*** Opening of Data excerpts ***

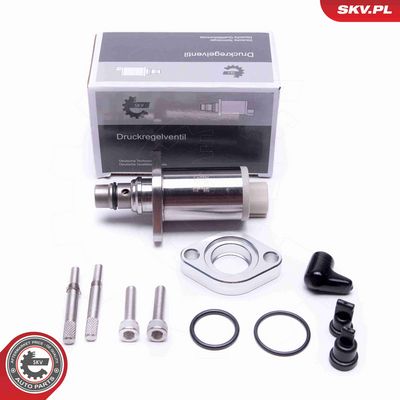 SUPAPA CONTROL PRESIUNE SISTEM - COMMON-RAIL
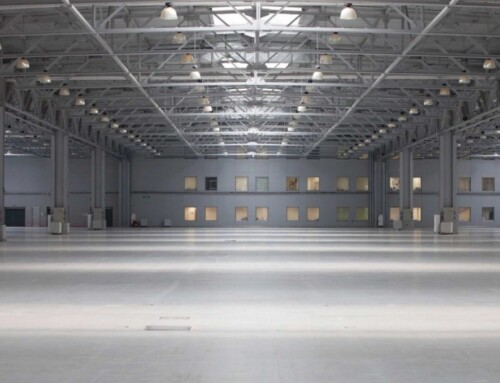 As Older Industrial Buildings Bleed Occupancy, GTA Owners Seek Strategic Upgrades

*** Close of Data excerpts ***
*** Opening of Data excerpts ***

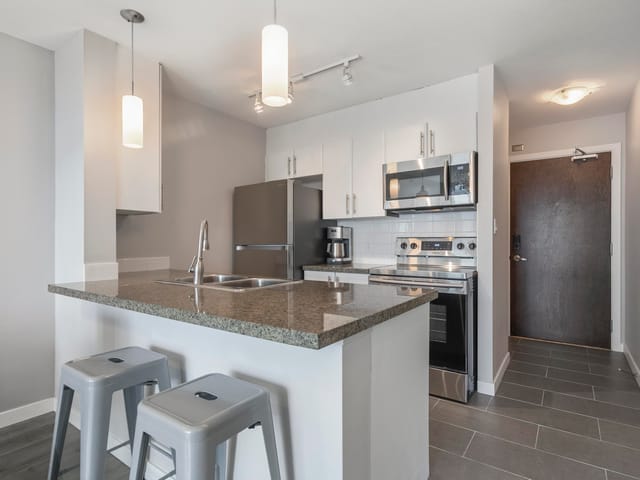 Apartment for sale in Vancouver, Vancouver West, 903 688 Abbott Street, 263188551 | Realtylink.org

*** Close of Data excerpts ***
*** Opening of Data excerpts ***

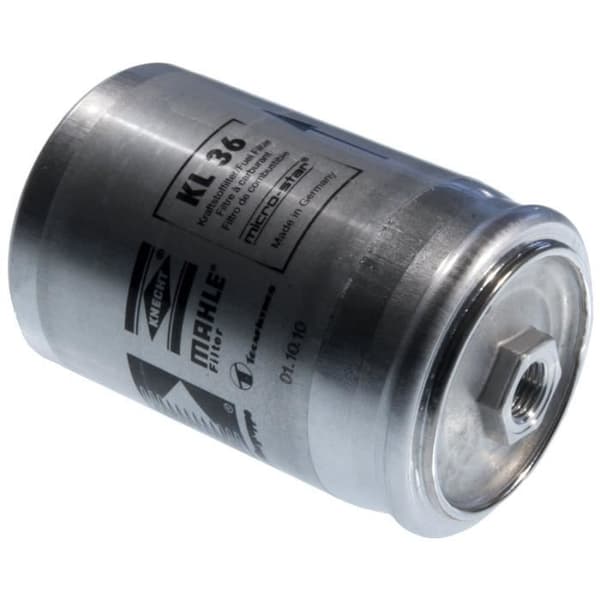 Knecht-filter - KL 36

*** Close of Data excerpts ***

*Exercise objective*. With the pictures removed, print only the lines starting at the line that has "SUPAPA CONTROL PRESIUNE SISTEM - COMMON-RAIL" and ending at the line that has "As Older Industrial", both ends included, exactly as they stand above.

*Exercise result*.
 SUPAPA CONTROL PRESIUNE SISTEM - COMMON-RAIL
 As Older Industrial Buildings Bleed Occupancy, GTA Owners Seek Strategic Upgrades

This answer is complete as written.